Des bois craquèrent, tout un pan du treillage dut s’abattre.

«  Oh  ! là, là, Nanet, je ne peux pas  ! C’est Louise qui a tapé des pieds et qui a tout jeté par terre.

— Attends, ça ne fait rien, donne-moi tes mains, Nise, et je te tirerai.

— Non, non  ! je ne peux pas  ! tu vois bien, Nanet, que j’ai beau me grandir, je suis trop petite  !

— Et quand je te dis, Nise, que je te tirerai… Encore, encore  ! Moi, je me baisse, et toi, tu te hausses. Houp là  ! tu vois bien que je te tire  !   »

Il s’était mis à plat ventre sur le mur, il ne s’y tenait plus que par un prodige d’équilibre  ; et, d’un vigoureux tour de reins, il enleva Nise, il l’assit à califourchon devant lui. Elle était encore plus ébouriffée que d’habitude, avec sa tête blonde de petit mouton frisé, à la bouche rose, toujours souriante, aux jolis yeux bleus, couleur du temps.

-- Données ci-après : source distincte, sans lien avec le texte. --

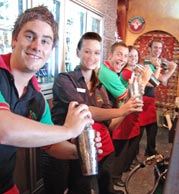 Cactus Jack's - Accommodation QLD 3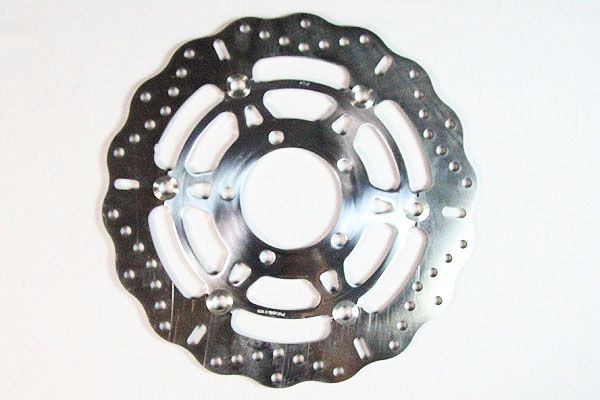Kočiona disk EBC MD4152CC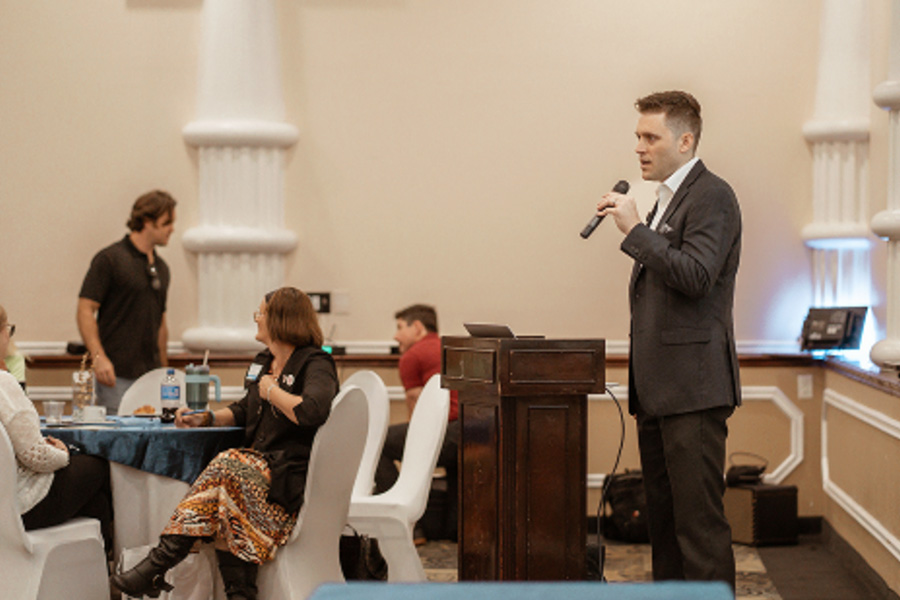 From Pilot to Practice The Messy Honest Truth About Rolling Out AI at Scale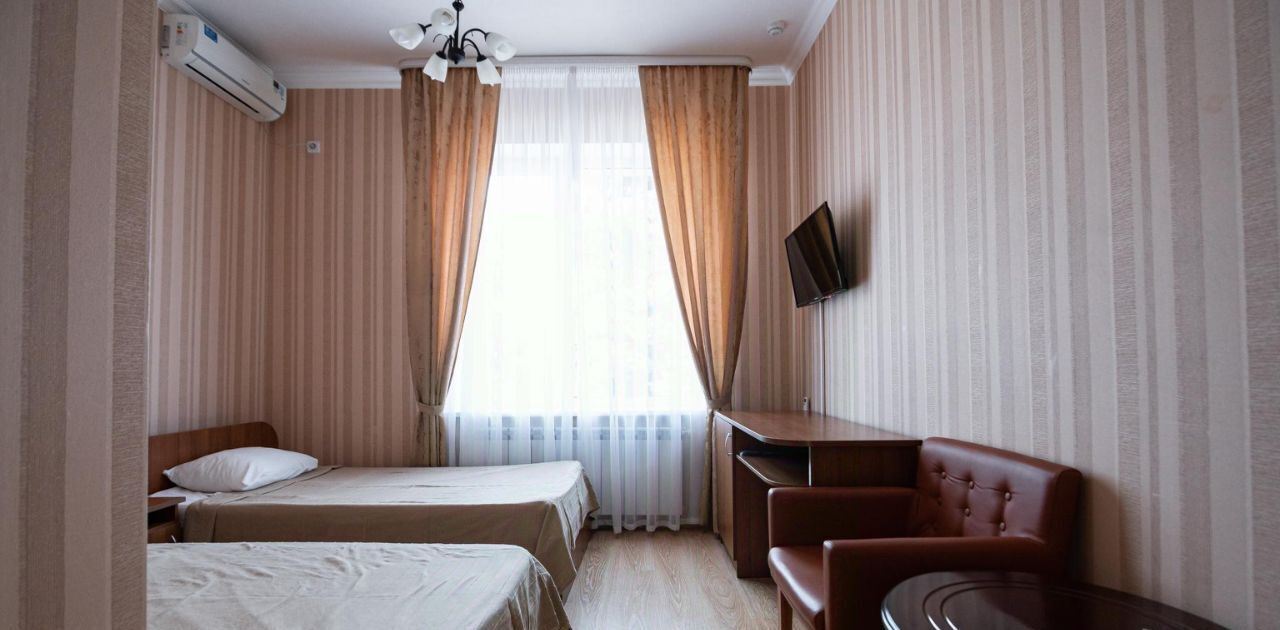 комната р-н Курганинский г Курганинск ул Набережная 216 фото 5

Ils faisaient la paire, elle et son bon ami Nanet, tous les deux du même or tendre, de la même toison envolée aux quatre vents du ciel.

Un instant, ils restèrent à califourchon, face à face, dans le triomphe, ravis d’être ainsi en l’air.

«  Ah  ! ce Nanet, il est fort, il m’a tirée tout de même  !

— C’est que tu t’es faite très grande, Nise… J’ai quatorze ans, moi, tu sais.